The golden ratio is the name of the harmony between the parts or stages that constitute a whole, which can be seen in our daily life, in nature or in the universe, any time or place.

The Golden Ratio, which we can call the most beautiful harmony of the parts that make up a whole as we mentioned before, is the string of numbers starting with 1.61803389. The symbol of the Golden Ratio is Phi,Φ.

For example, if we divide the black line into two parts according to the Golden Ratio, the ratio of red part to the blue and the ratio of the blue part to the black is equal.

The Fibonacci string or Fibonacci numbers emerged after Leonardo of Pisa asked the following problem in his book Liber Abaci, in which he described the Indian-Arab numbers. You can learn more about Leonardo Fibonacci from this page.

The problem asks this question,

Put a pair of rabbits in a room with all sides surrounded by walls. How many pairs of rabbits are there at the end of the year if every pair of rabbits give birth to a new pair every month, (but the newborn rabbit pair will start giving birth from the second month)?

The resulting number sequence is 1, 1, 2, 3, 5, 8, 13, 21, 34, 55,

If you ask what these numbers mean let us tell you, that it was noticed later that when these numbers are divided by each other the number 1,618033… is the result which is widely used in nature and many places in the universe.
But it would be wrong to say that it is used everywhere or continuously because it is just one of the ratios that we have discovered so far. There are writings about the human body describing that as the harmony of the combined particles come closer to the Golden Ratio they approach the average.

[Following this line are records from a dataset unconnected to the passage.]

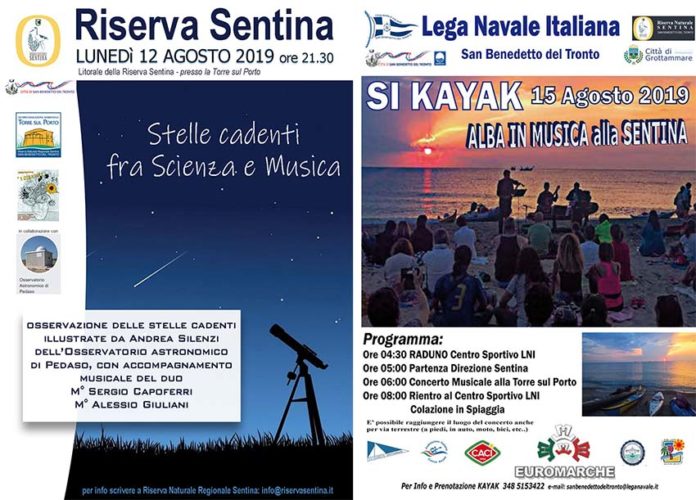 eventi sentina sbt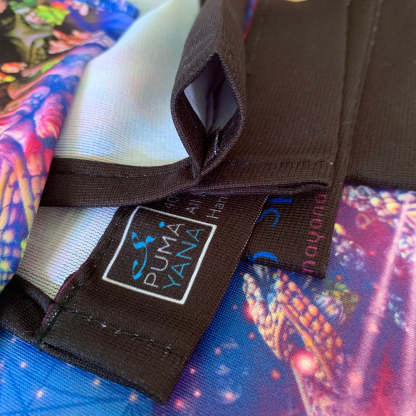 Dimitri the Frog Trippy Psychedelic Tapestry Wall Hanging-xinru shop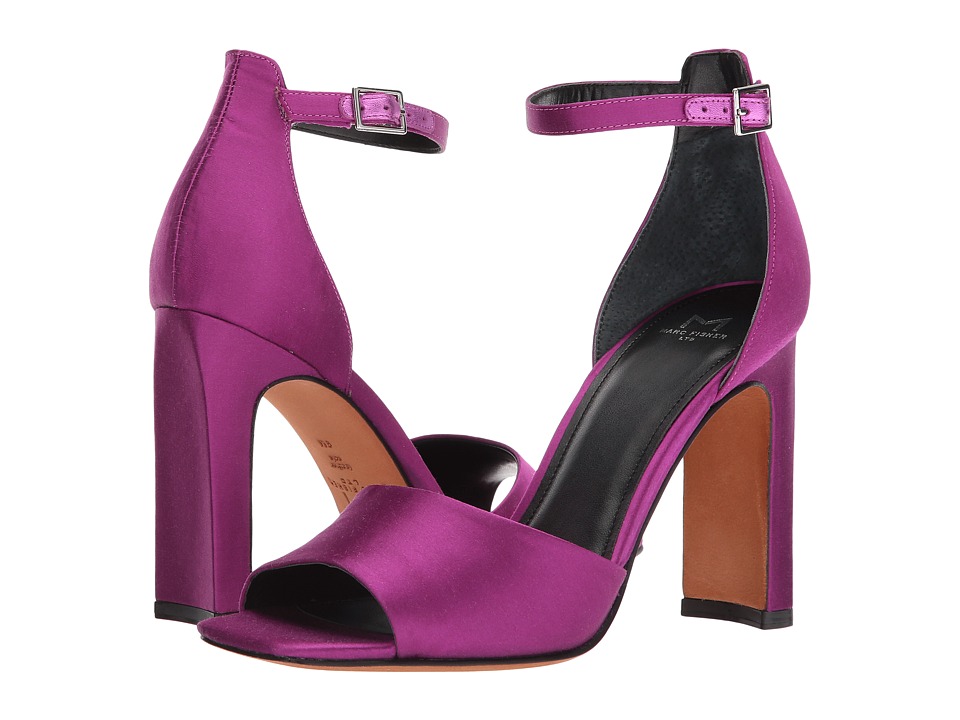 Marc Fisher LTD Harlin 2 (Dark Pink Satin) Women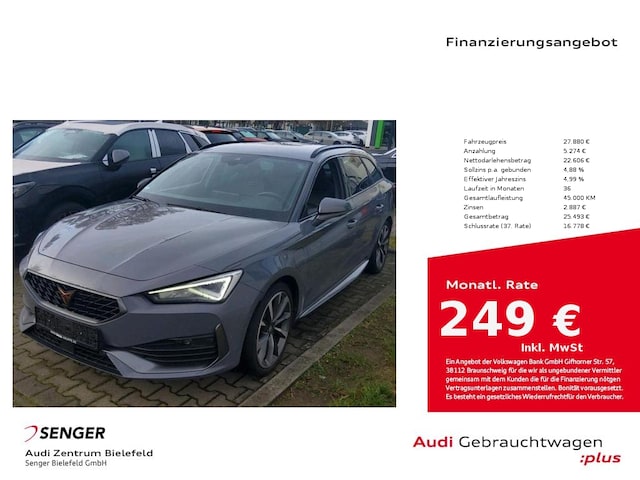 Cupra Leon 1.4 Sportstourer VZ e-Hybrid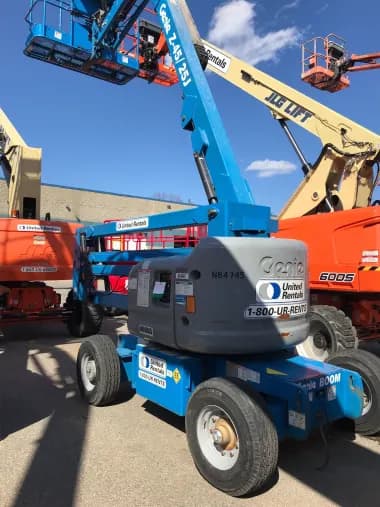 2013 Genie Z-45/25J-DC-Articulating-Boom-Lift for sale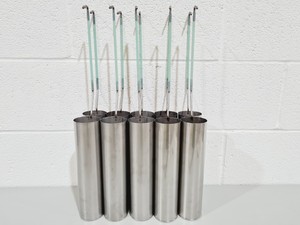 Thumbnail image of Taylor-Wharton HC35 Nitrogen Dewar w/ Trolley 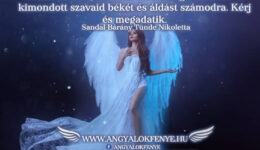 Angyali üzenet: Béke és áldás számodra Angyali üzenet: Béke és áldás számodra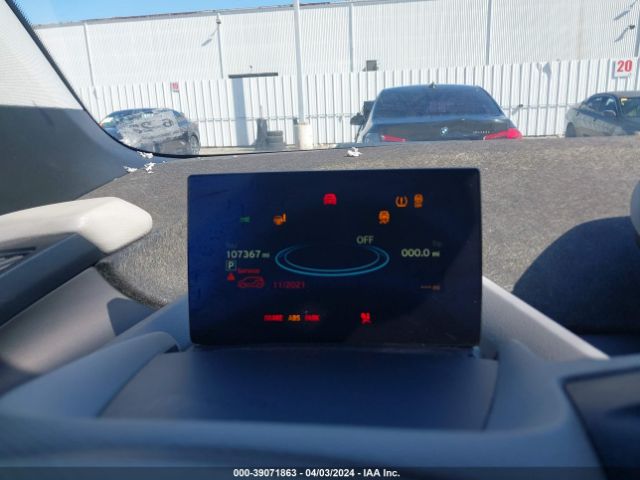 WBY1Z2C52EVX51137 BMW I3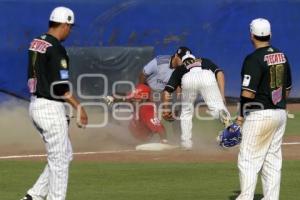 BÉISBOL . PERICOS VS PIRATAS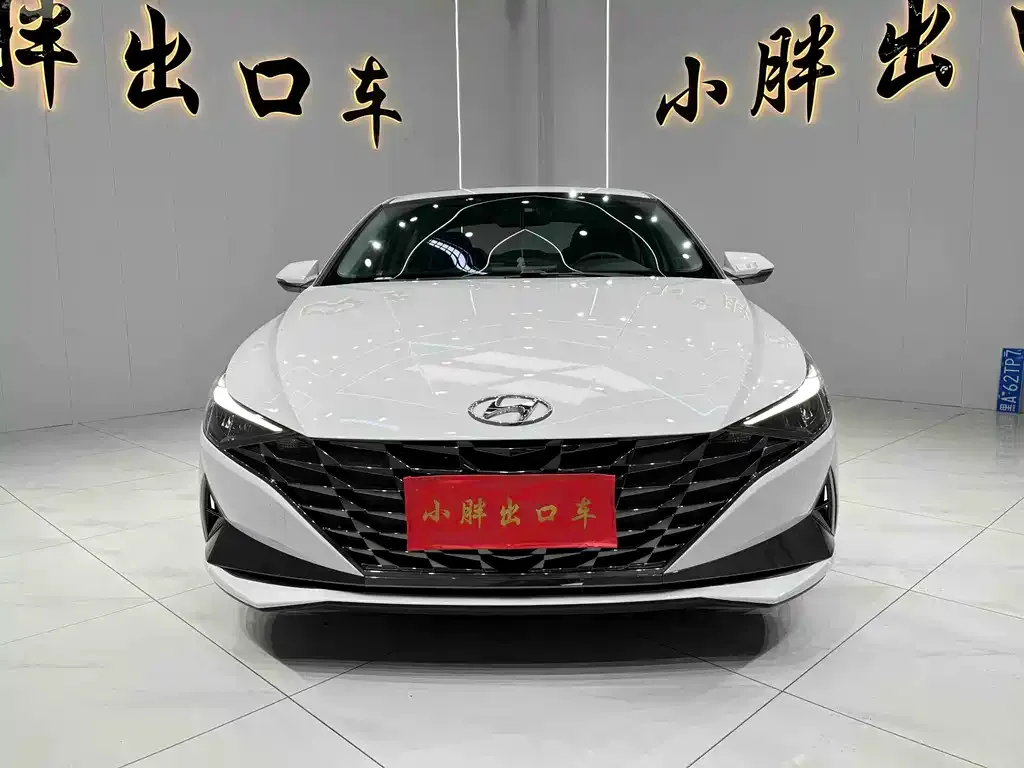 Hyundai Elantra 2021 из CN, фото 5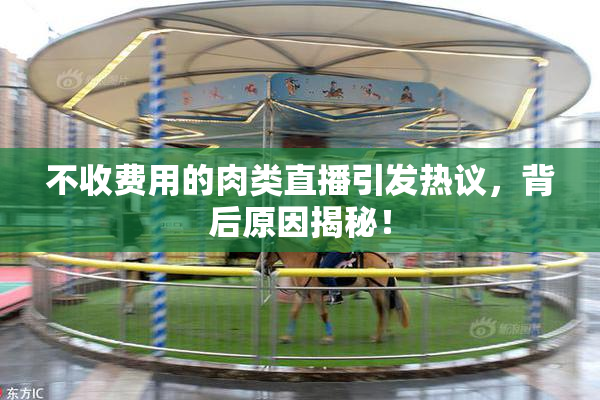 不收费用的肉类直播引发热议，背后原因揭秘！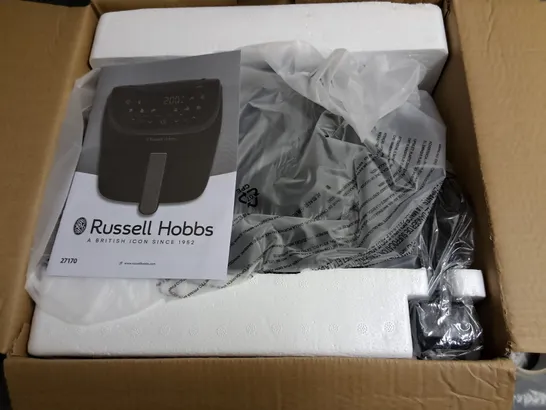 BOXED RUSSELL HOBBS EXTRA LARGE AIR FRYER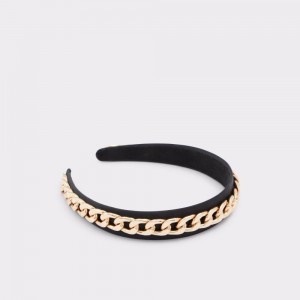 Aldo Elilidith Headband Donna Accessori Per Capelli Nere Oro | ZGITHKS-82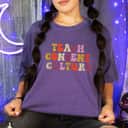 Groovy Feminist Teach Consent Culture Consent Education T-Shirt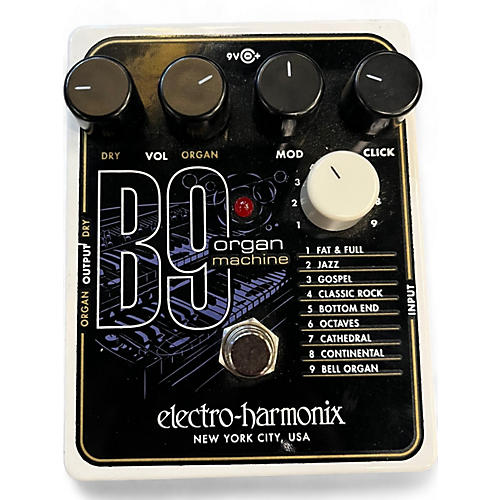 Electro-Harmonix Used Electro-Harmonix B9 Organ Machine Effect Pedal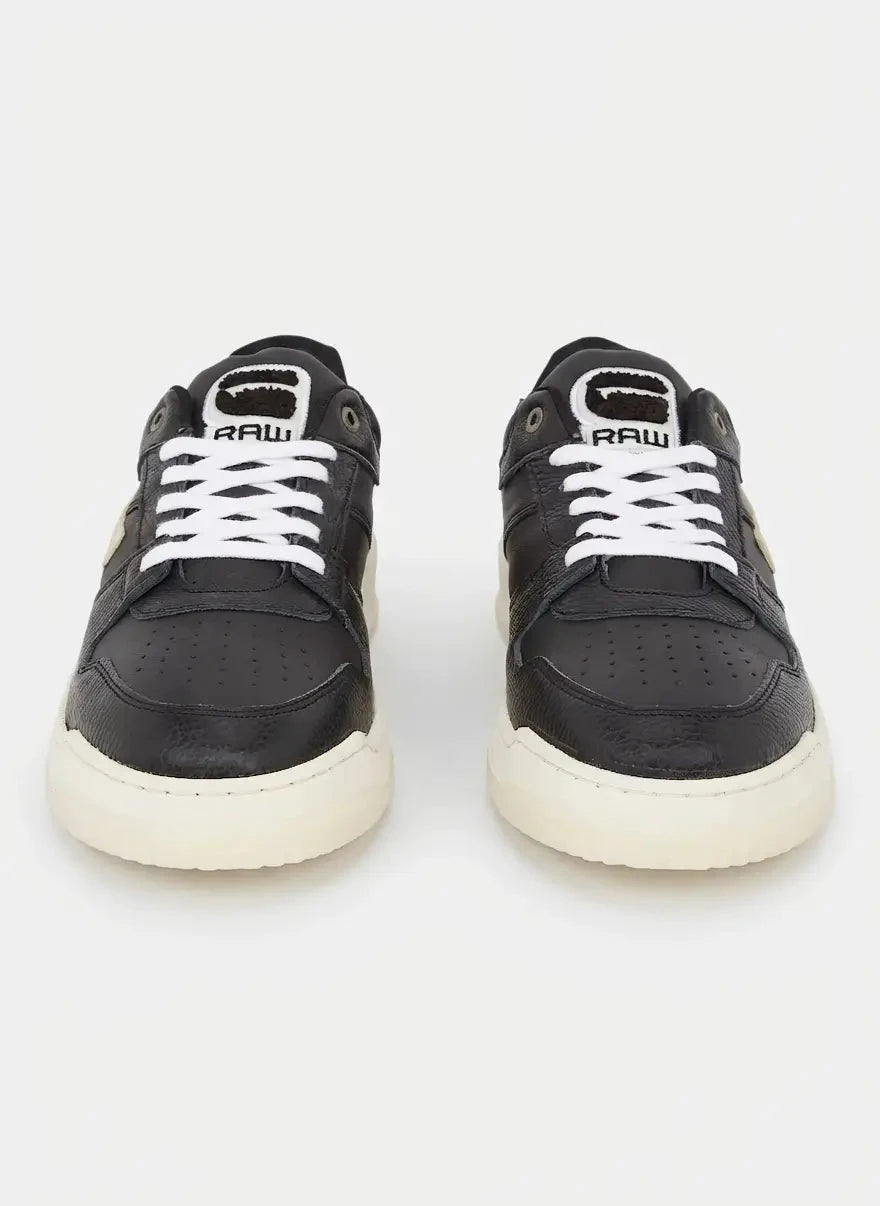 G-Star RAW Grid Lea Sneaker Blk/Off - Subwear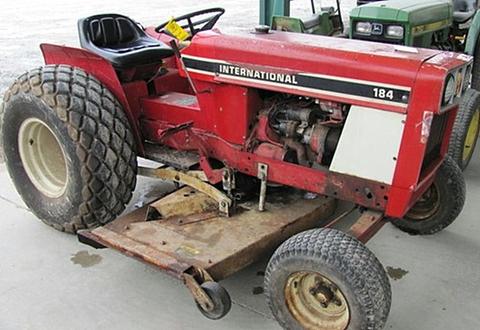 Service Manual - IH Cub Cadet 184 Tractor WSM Download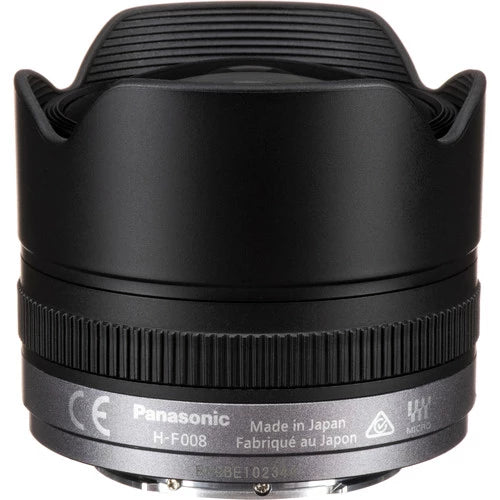 Panasonic Lumix G Fisheye 8mm F3.5 Lens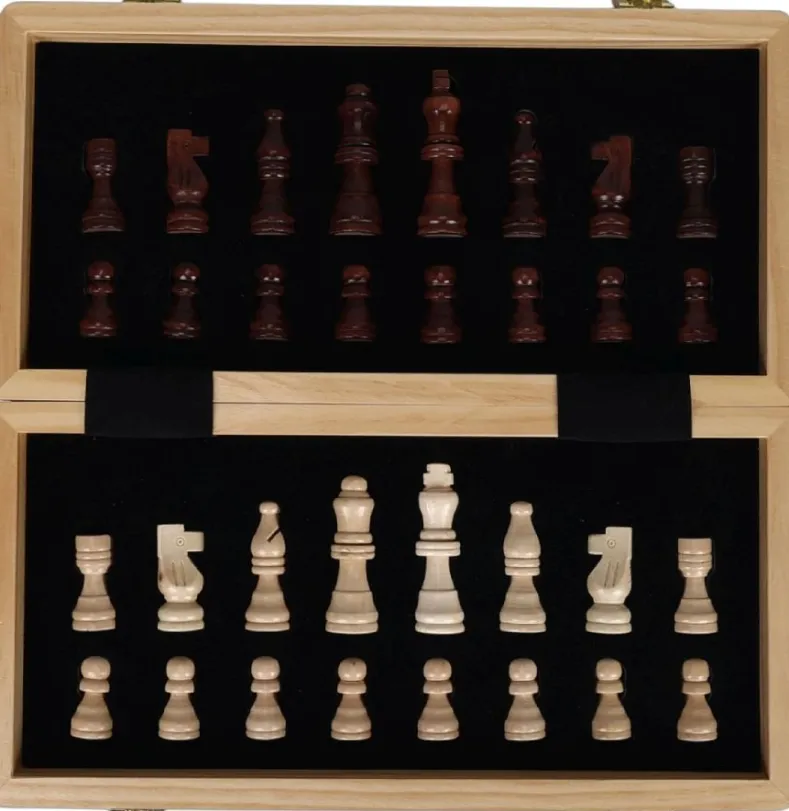 Clown Games - Luxe Schaakset (Hout)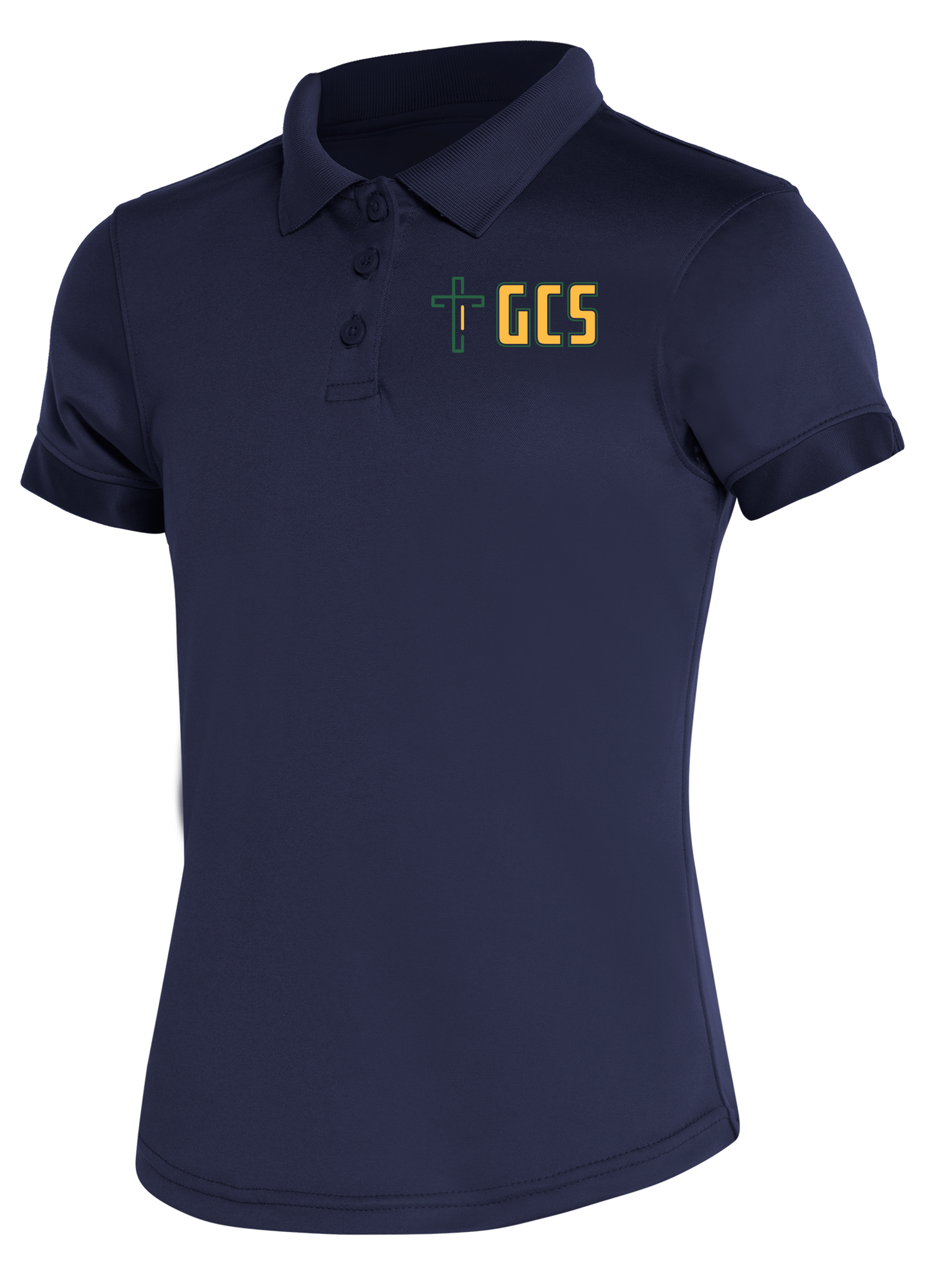 Girls Moisture Wicking Polo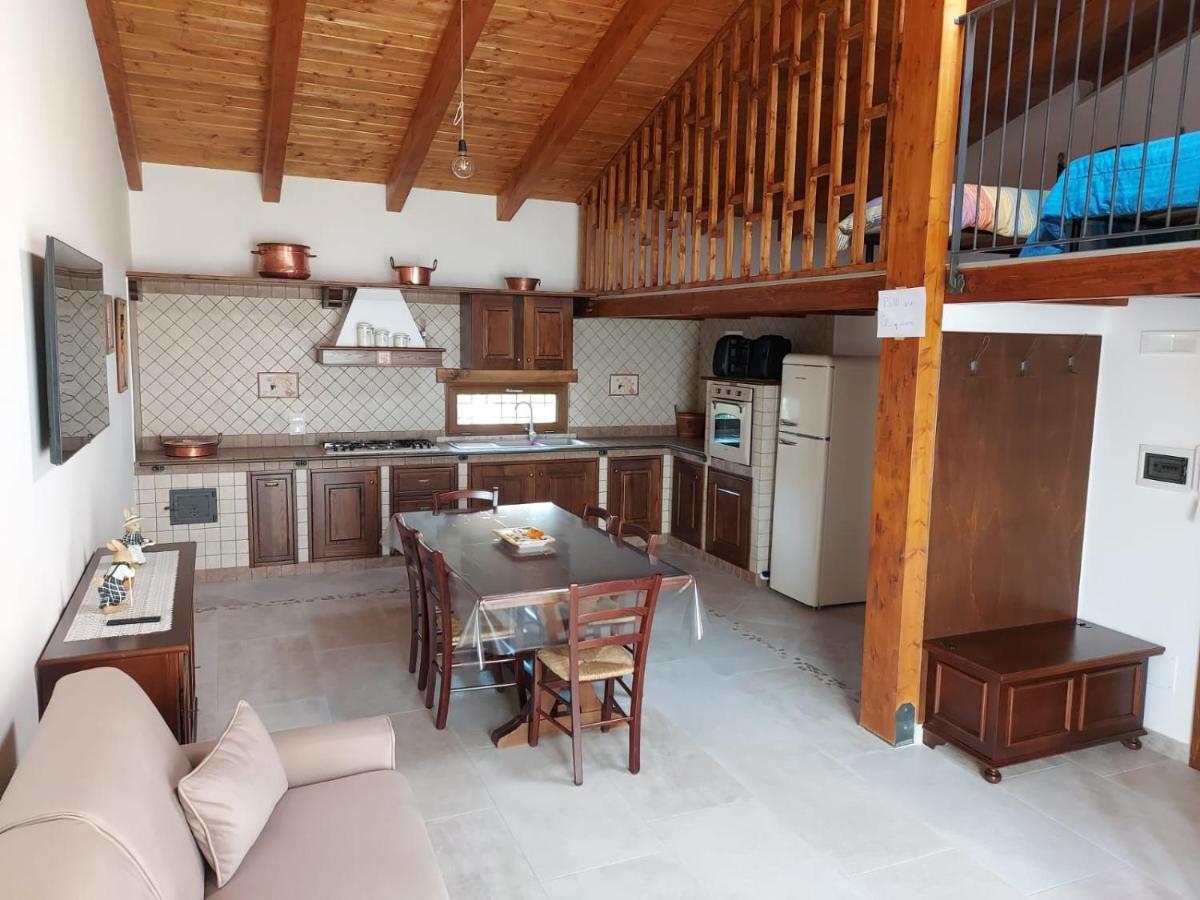 La Casa Sull'Aia,Av Bed & Breakfast Santo Stefano del Sole Exterior foto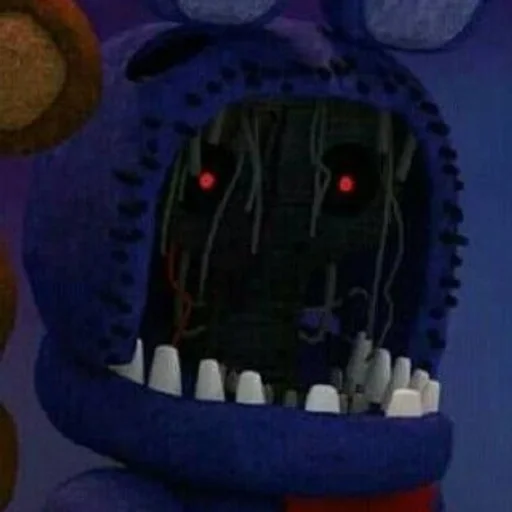 Sticker Withered Bonnie @fnaf9stikers :: @fStikBot - 6 Sticker Withered Bonnie @fnaf9stikers :: @fStikBot - 6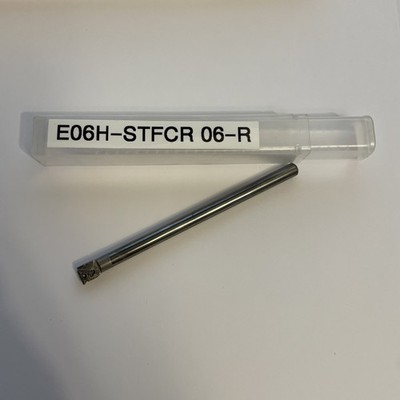 6mm E06H-STFCR 06-R SANDVIK HARTMETALL BOHRSTANGE 20% MWST RECHNUNG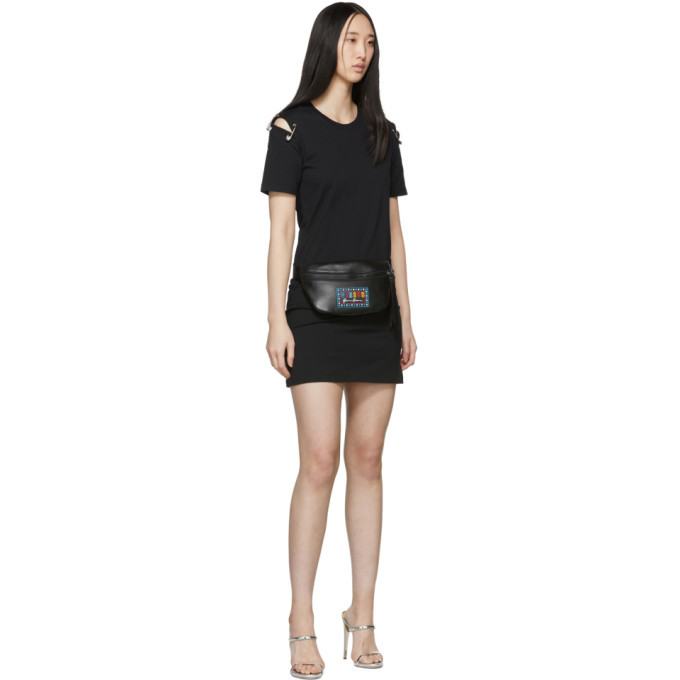 Versus Black Hearts Belt Bag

The most common examples are plants’ petals, sunflowers, cones, aloe plants and similar plants. As you can see below, some tree branches produce new branches similar to the Fibonacci number sequence.

We come across the gold ratio many times on our bodies. For example, our belly-button is situated at a golden ratio in relation to our height. If we divide our arms from our elbows, we come across the golden ratio. The golden ratio can be found in the human fingers or the face.
It is important to note that the body of each individual shows different proportions, but if we look at the average in general we see that we are closer to the Golden Ratio.

Nautilus shells living in the deep waters of the South Pacific are a perfect example of the Golden Ratio. In addition to this, there are examples of the golden ratio in starfish, dolphins, honey bees and ants.

The spiral arms of the Milky Way Galaxy, where our solar system is located, are a good example of the Golden Ratio. We also come across this ratio in storms and whirlpools. Below you can see a satellite picture of Hurricane Sandy which hit the continent of America in 2012.

Brands such as Toyota, Mercedes, Twitter, Apple, Google, Pepsi have benefited from the ideal Golden Ratio when designing their logos.

Leonardo Pisano (Leonardo of Pisa) or widely known as Fibonacci is one of the most talented mathematicians of the Middle Ages. It is thought that he was born in Pisa in 1170.

Fibonacci’s journey in algebra begins with the appointment of his father, a Pisalian merchant named Guglielmo, as a consul to the North African port of Bugia (now Bejaya, Algeria).

His father hired an Arab teacher to teach Fibonacci to make calculations, and then Fibonacci realized that making calculations with Indian-Arab numbers was much simpler than Roman figures.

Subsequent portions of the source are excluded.